● **Material shown**:
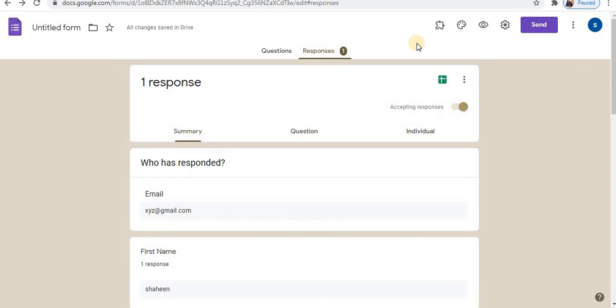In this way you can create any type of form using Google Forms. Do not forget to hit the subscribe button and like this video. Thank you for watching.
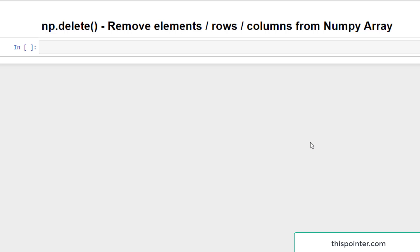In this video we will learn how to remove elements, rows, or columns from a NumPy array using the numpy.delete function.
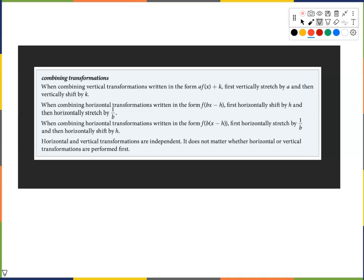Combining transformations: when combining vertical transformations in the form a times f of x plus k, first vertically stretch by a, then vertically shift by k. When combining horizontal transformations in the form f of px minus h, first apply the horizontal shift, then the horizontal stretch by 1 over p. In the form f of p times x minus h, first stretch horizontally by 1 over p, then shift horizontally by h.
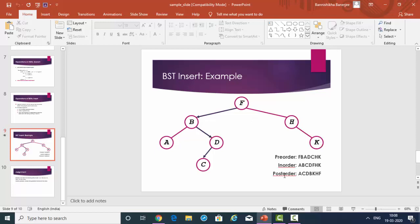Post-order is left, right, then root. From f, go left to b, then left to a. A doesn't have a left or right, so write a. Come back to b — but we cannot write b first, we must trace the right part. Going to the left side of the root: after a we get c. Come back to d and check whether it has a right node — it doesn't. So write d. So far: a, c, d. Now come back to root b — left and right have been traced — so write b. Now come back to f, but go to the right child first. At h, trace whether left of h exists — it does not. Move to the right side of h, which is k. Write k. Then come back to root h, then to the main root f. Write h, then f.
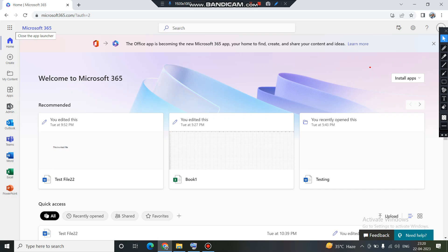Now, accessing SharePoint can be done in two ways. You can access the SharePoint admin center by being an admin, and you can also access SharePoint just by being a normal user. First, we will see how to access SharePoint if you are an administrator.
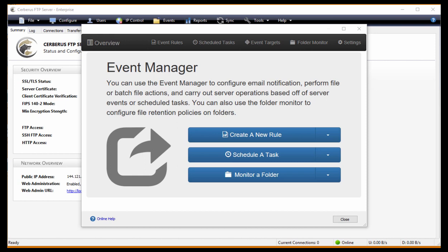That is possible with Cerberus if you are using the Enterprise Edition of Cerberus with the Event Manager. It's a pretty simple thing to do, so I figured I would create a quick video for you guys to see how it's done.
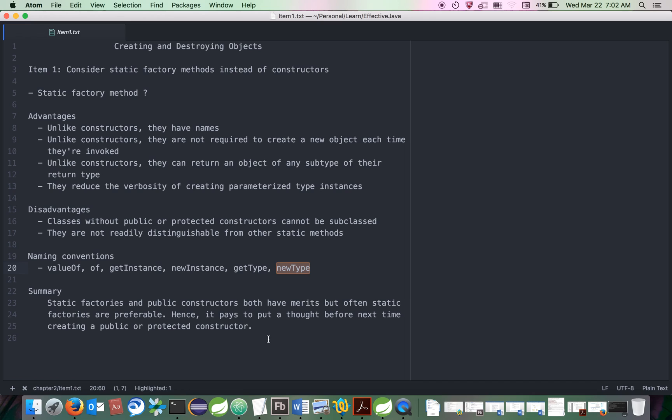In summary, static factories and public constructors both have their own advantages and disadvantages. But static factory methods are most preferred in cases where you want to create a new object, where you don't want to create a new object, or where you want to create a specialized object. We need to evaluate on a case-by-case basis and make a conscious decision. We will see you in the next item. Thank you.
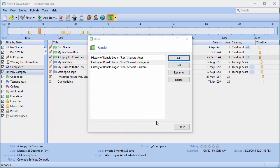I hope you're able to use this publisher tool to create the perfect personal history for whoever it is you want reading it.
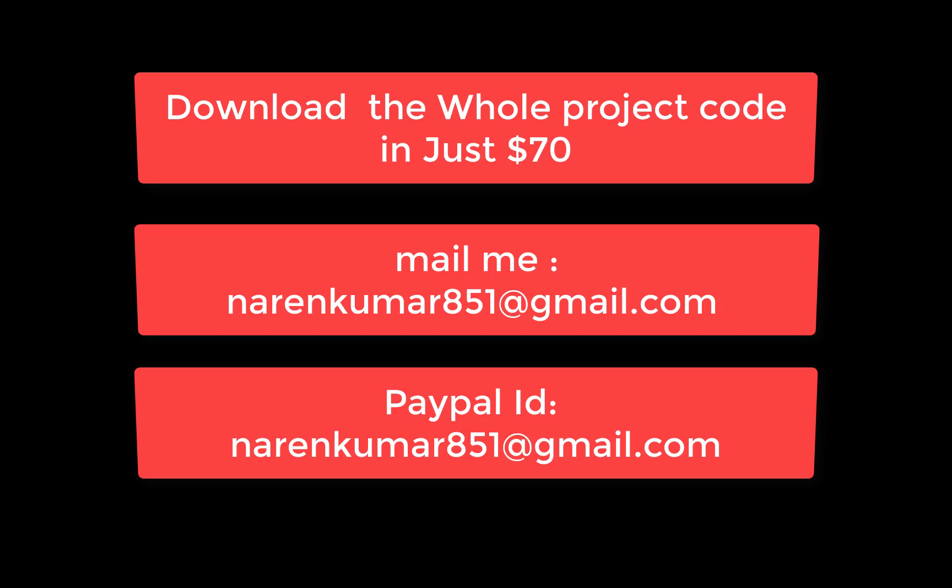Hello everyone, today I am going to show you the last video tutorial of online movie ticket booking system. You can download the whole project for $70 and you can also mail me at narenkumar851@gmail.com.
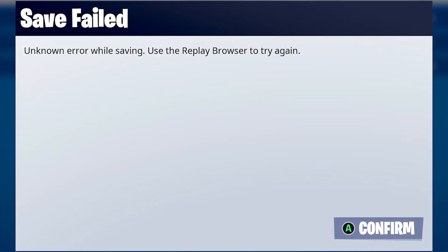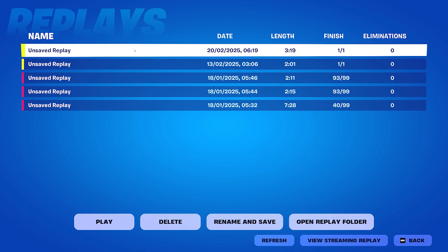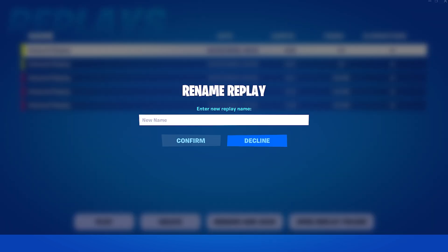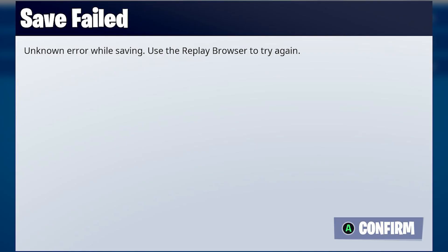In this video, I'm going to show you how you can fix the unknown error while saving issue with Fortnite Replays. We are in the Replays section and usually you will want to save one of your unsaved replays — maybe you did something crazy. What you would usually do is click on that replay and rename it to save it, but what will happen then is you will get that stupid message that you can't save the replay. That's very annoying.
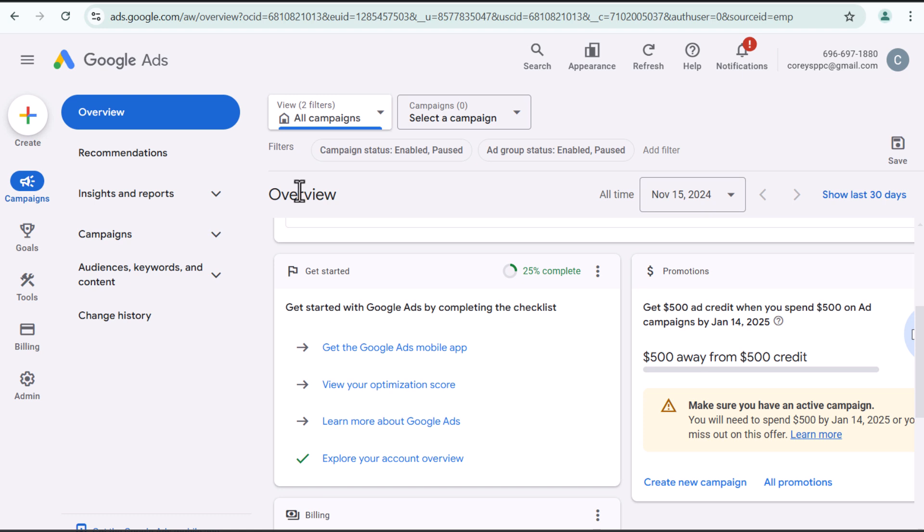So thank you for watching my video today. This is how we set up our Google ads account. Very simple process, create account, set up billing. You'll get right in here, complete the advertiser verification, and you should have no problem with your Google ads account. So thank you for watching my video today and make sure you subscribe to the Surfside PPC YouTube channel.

...

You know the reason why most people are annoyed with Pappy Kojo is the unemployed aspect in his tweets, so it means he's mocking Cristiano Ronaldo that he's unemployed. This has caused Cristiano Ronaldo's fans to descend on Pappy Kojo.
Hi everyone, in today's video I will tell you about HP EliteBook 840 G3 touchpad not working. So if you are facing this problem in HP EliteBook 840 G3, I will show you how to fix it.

...

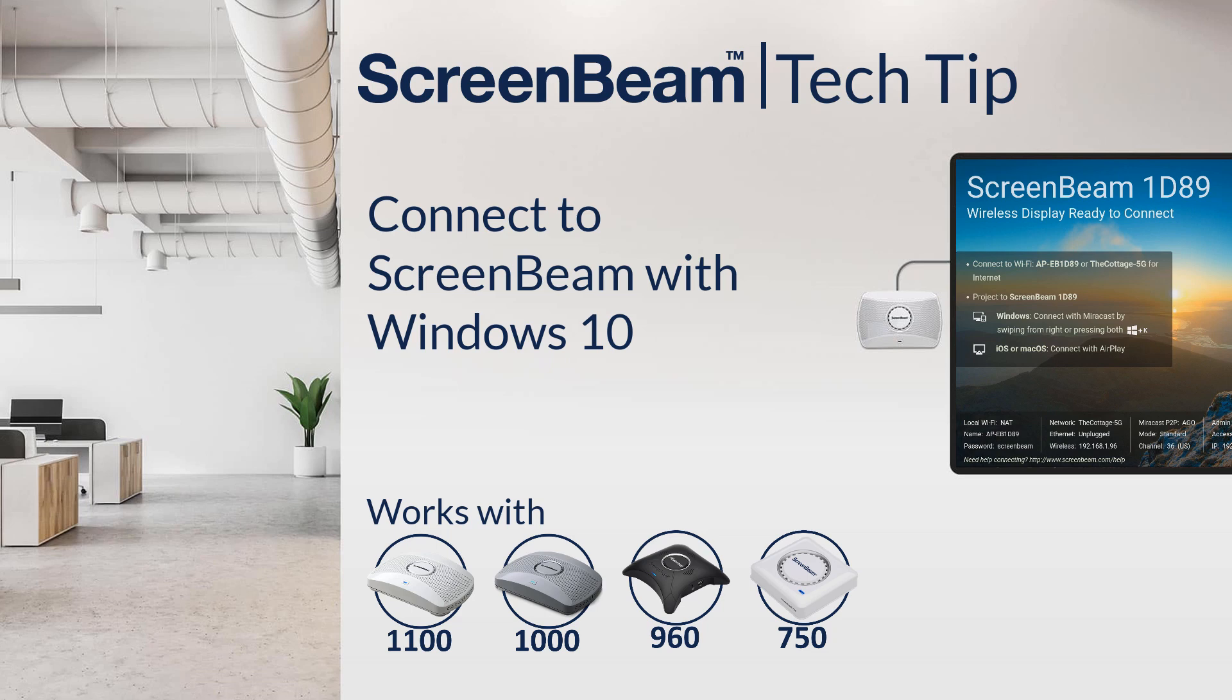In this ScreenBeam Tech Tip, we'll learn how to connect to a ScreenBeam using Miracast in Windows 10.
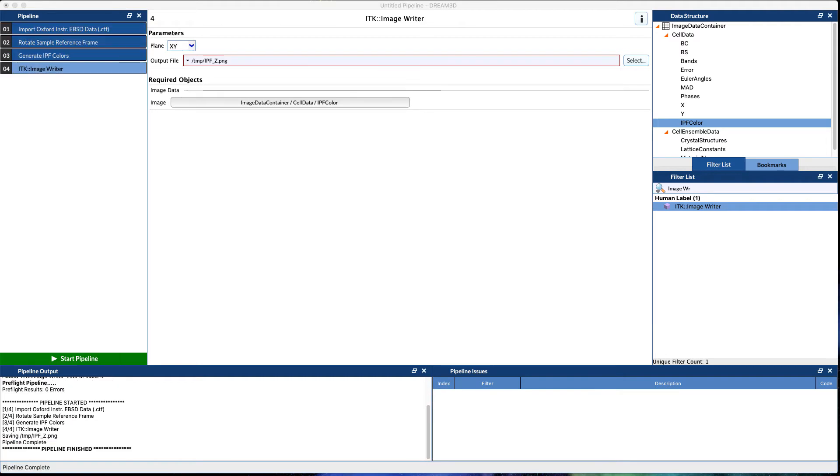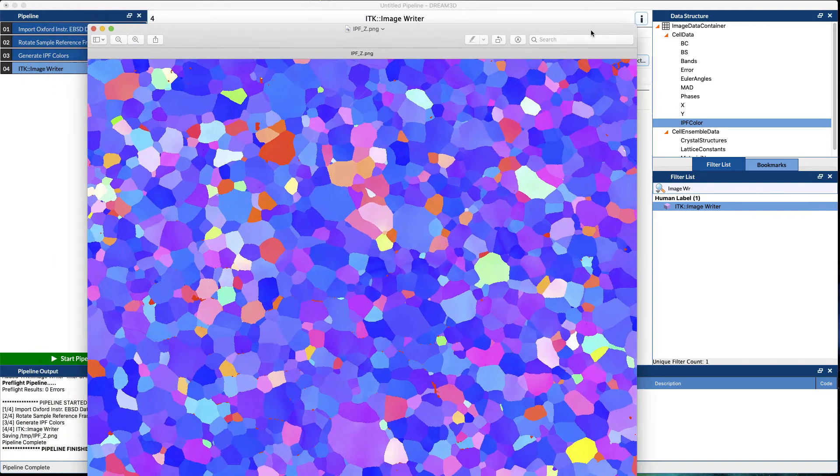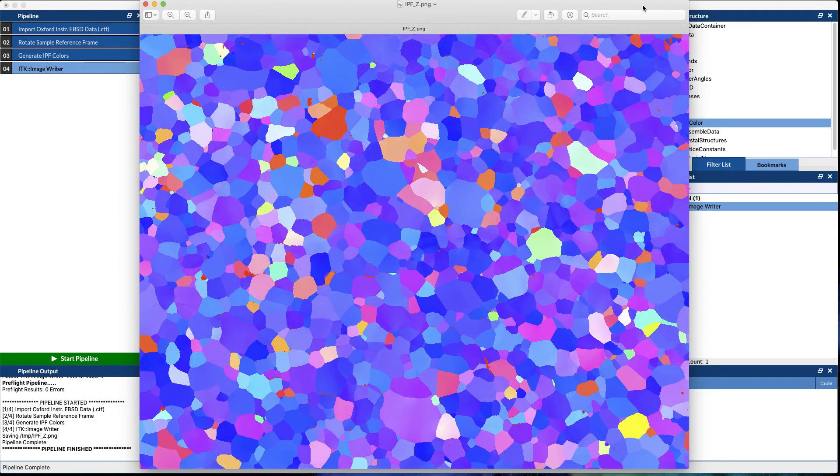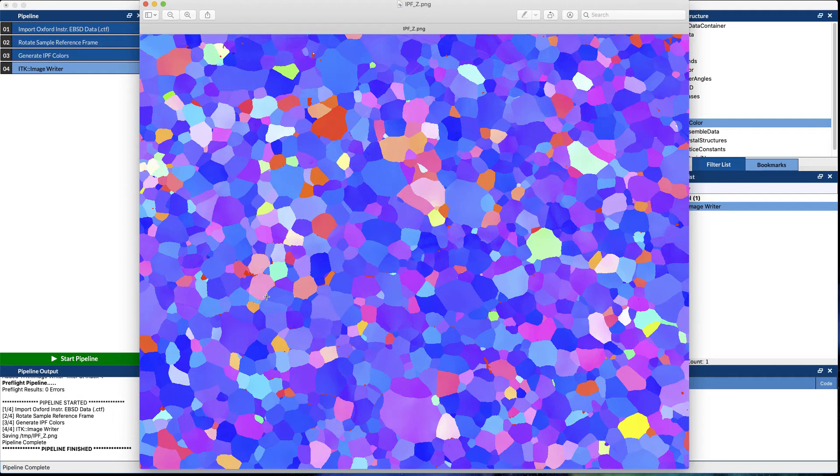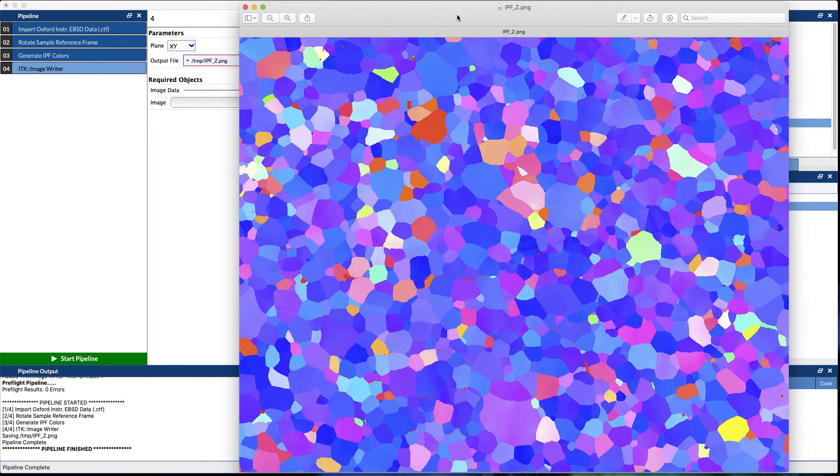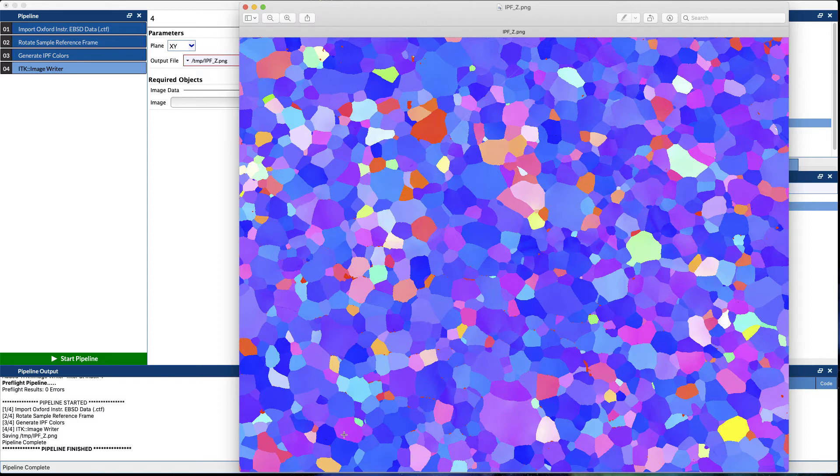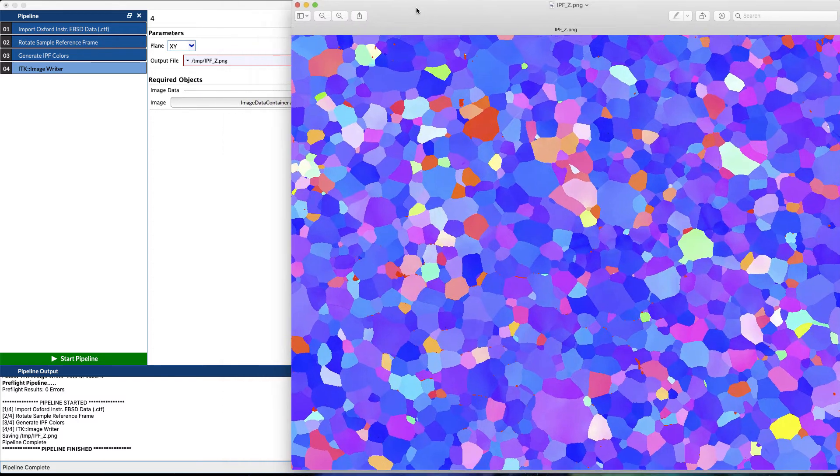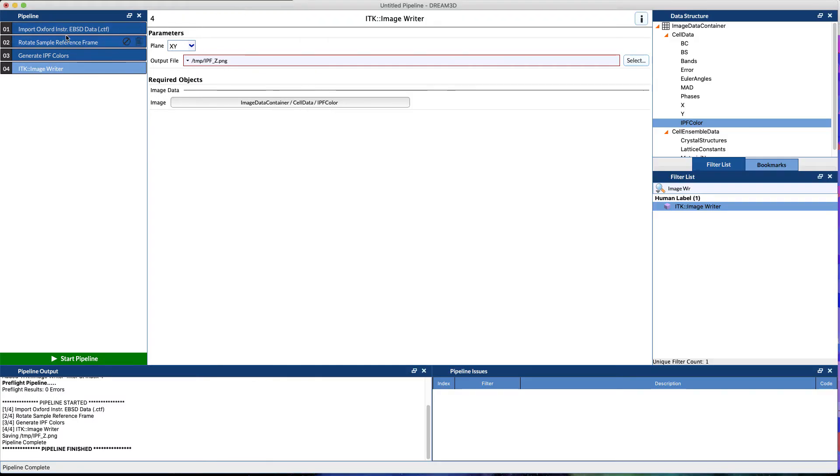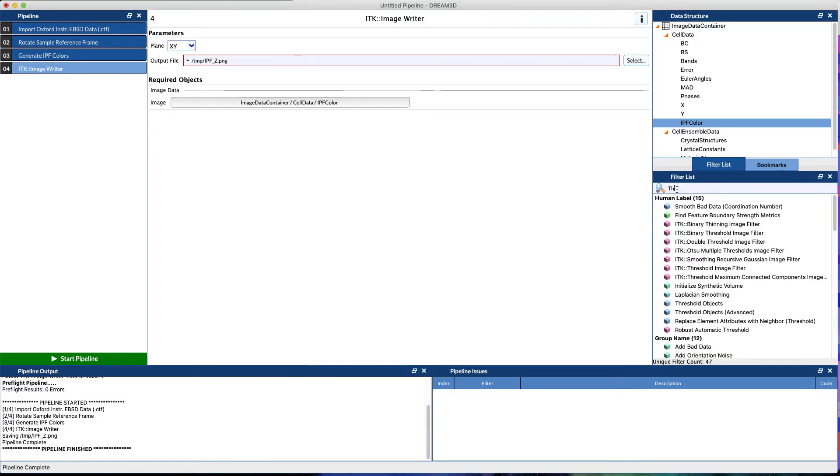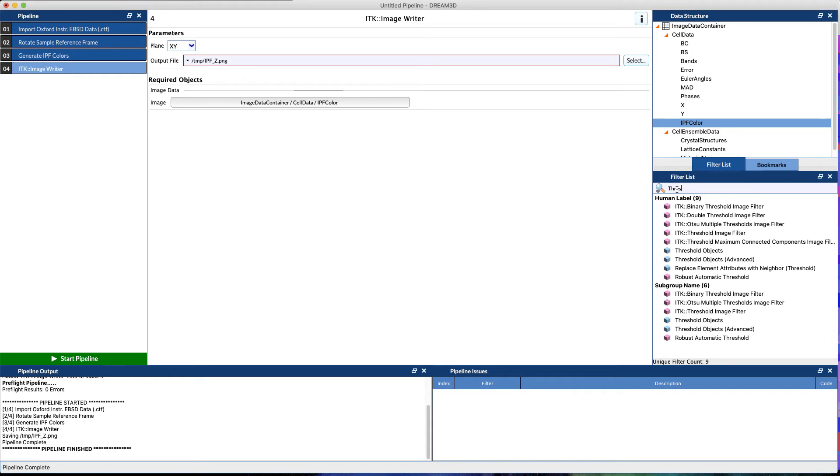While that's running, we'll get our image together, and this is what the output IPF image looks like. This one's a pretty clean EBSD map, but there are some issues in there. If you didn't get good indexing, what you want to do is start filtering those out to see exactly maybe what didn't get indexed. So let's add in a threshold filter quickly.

● **Task requirements**:
Print nothing except the lines above from the one containing "Combining transformations: when" down to the one containing "That is possible", both included, exactly as written and free of pictures.

● **Solution to the problem**:
Combining transformations: when combining vertical transformations in the form a times f of x plus k, first vertically stretch by a, then vertically shift by k. When combining horizontal transformations in the form f of px minus h, first apply the horizontal shift, then the horizontal stretch by 1 over p. In the form f of p times x minus h, first stretch horizontally by 1 over p, then shift horizontally by h.
Post-order is left, right, then root. From f, go left to b, then left to a. A doesn't have a left or right, so write a. Come back to b — but we cannot write b first, we must trace the right part. Going to the left side of the root: after a we get c. Come back to d and check whether it has a right node — it doesn't. So write d. So far: a, c, d. Now come back to root b — left and right have been traced — so write b. Now come back to f, but go to the right child first. At h, trace whether left of h exists — it does not. Move to the right side of h, which is k. Write k. Then come back to root h, then to the main root f. Write h, then f.
Now, accessing SharePoint can be done in two ways. You can access the SharePoint admin center by being an admin, and you can also access SharePoint just by being a normal user. First, we will see how to access SharePoint if you are an administrator.
That is possible with Cerberus if you are using the Enterprise Edition of Cerberus with the Event Manager. It's a pretty simple thing to do, so I figured I would create a quick video for you guys to see how it's done.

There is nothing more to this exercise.